Тот поднимает большой палец и отвечает:
— На большой, Лазарь Моисеевич.
— А может быть на маленький?
— Нет, — отвечает Яша, — только вот масла к каше маловато«.
— С этого и надо было начинать, — сказал Лазарь Моисеевич, записывая в книжку.
А через два-три дня масла в каше стало гораздо больше. Лазарь Моисеевич не раз говаривал нашим рабочим:
— Вы, передовые ударники, должны стать кадровиками метро, и для этого вам надо подковаться по части и техники и культуры — чаще ходите в театр, лучше одевайтесь, как это подобает работникам лучшего и наикрасивейшего в мире метро.
Когда начали прибывать большие партии рабочих и колхозников, началась развернутая борьба парторганизации за быт рабочих, за их обслуживание. Ассигнования на благоустройство рабочих бараков вначале были незначительны. Немало потребовалось со стороны парторганизации усилий для того, чтобы заменить рассадники клопов — деревянные топчаны — железными кроватями. Немалых усилий стоило добиться необходимого количества матрацов, чистых одеял и простынь для рабочих.
Мы ставили перед каждым коммунистом задачу изучать — быт своих соседей по работе, интересоваться условиями, в которых они живут, отлично зная, как эти условия зачастую отражаются на производстве. Устраивая самоотчеты коммунистов на партийной группе, мы всегда проверяли эту их работу в массах. В порядке партийной нагрузки мы поручали отдельным членам партии изучать жизнь рабочих в бараке, на квартире, в семье.
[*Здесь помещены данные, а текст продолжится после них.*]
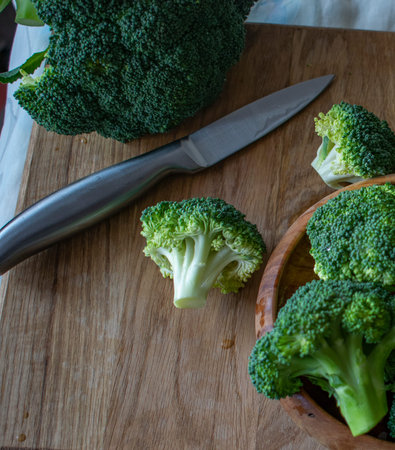 pieces of broccoli on a wooden board, close - up
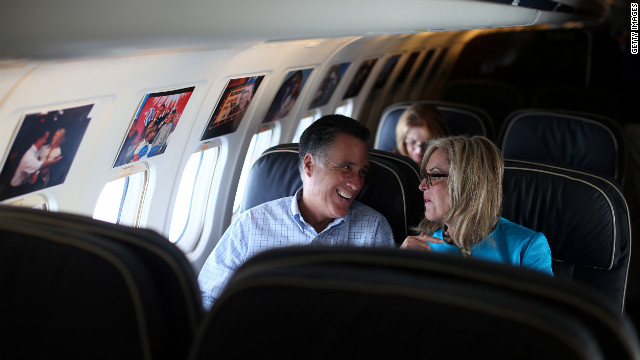 Mitt Romney and his wife, Ann Romney, talk on the campaign plane on Saturday, September 1, en route to their vacation home in New Hampshire.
»Я внимательно изучал всех людей, — рассказывает парторг тов. Каре, — которые были в партийной группе. Я знал их не только с производственной стороны, но интересовался и бытовыми условиями и, где нужно, старался помочь человеку. Был у меня в смене коммунист Иванов, проходчик, по прежней профессии — переплетчик. Работал он неплохо, потом вдруг я заметил, что у него что-то не клеится работа. Я заинтересовался, стал расспрашивать. Выяснилось, что у него большая семья — он с женой работают, а дети остаются без присмотра. С помощью профсоюзной организации мы устроили его детей в детский сад. Несмотря на это у Иванова работа шла все хуже и хуже, а однажды он даже явился на производство выпившим. Это очень тяжелое дело, люди остаются за это без партийного билета. Прежде чем выбросить его из партии, я подумал, что видимо недостаточно хорошо знаю его бытовое положение. Опять стал выяснять. Оказалось, что у человека неполадки с женой, что родные жены плохо к нему относятся, словом, жизнь не сладкая. Посоветовался я с секретарем парткома, все ж таки коренной рабочий, хороший производственник — надо попытаться выправить человека. Послали мы его в диспансер, лечили целых две недели, помогли ему и по бытовой линии, и человек выправился, стал активным общественником и отличным производственником. Хорошо, что мы не подошли к нему формально, можно было легко выбить человека из колеи.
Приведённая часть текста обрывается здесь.